Virtual presentation / top 25% paper
Exploring Active 3D Object Detection from a Generalization Perspective
Yadan Luo · Zhuoxiao Chen · Zijian Wang · Xin Yu · Zi Huang · Mahsa Baktashmotlagh
Keywords: [ Lidar Point Clouds ] [ 3D Object Detection ] [ active learning ] [ General Machine Learning ]
Abstract:
To alleviate the high annotation cost in LiDAR-based 3D object detection, active learning is a promising solution that learns to select only a small portion of unlabeled data to annotate, without compromising model performance. Our empirical study, however, suggests that mainstream uncertainty-based and diversity-based active learning policies are not effective when applied in the 3D detection task, as they fail to balance the trade-off between point cloud informativeness and box-level annotation costs. To overcome this limitation, we jointly investigate three novel criteria in our framework CRB for point cloud acquisition - label conciseness, feature representativeness and geometric balance, which hierarchically filters out the point clouds of redundant 3D bounding box labels, latent features and geometric characteristics (e.g., point cloud density) from the unlabeled sample pool and greedily selects informative ones with fewer objects to annotate.

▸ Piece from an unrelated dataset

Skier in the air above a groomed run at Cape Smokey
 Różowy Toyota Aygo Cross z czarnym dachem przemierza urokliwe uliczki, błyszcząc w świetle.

Our theoretical analysis demonstrates that the proposed criteria aligns the marginal distributions of the selected subset and the prior distributions of the unseen test set, and minimizes the upper bound of the generalization error. To validate the effectiveness and applicability of CRB, we conduct extensive experiments on the two benchmark 3D object detection datasets of KITTI and Waymo and examine both one-stage (i.e., Second) and two-stage 3D detector (i.e., PV-RCNN). Experiments evidence that the proposed approach outperforms existing active learning strategies and achieves fully supervised performance requiring $1\%$ and $8\%$ annotations of bounding boxes and point clouds, respectively.